INPUT FOR THIS TASK:

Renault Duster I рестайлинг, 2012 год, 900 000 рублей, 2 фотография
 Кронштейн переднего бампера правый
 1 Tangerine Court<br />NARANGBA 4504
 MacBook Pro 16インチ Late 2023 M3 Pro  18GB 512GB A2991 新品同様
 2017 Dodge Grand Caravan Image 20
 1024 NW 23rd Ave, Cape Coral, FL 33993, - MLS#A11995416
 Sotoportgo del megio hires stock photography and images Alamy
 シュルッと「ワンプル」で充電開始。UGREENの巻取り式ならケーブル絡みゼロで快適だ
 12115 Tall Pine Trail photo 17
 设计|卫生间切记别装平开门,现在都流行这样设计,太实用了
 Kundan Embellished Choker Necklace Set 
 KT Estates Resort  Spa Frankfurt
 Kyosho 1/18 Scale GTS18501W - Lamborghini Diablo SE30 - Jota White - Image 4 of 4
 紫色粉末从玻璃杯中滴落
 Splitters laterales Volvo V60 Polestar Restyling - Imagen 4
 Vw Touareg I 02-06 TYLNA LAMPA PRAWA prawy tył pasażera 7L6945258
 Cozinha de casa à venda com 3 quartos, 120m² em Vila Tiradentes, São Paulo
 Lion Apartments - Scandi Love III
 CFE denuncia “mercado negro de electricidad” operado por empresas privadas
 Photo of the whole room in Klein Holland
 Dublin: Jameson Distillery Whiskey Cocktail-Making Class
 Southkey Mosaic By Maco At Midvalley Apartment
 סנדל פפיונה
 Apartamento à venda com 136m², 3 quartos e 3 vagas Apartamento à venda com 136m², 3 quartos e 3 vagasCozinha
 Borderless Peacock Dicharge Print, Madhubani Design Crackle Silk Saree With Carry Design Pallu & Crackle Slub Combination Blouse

EXERCISE:
The string "quartos" marks the lines to return from the material. Copy each one.

ANSWER TO THIS PROBLEM:
 Cozinha de casa à venda com 3 quartos, 120m² em Vila Tiradentes, São Paulo
 Apartamento à venda com 136m², 3 quartos e 3 vagas Apartamento à venda com 136m², 3 quartos e 3 vagasCozinha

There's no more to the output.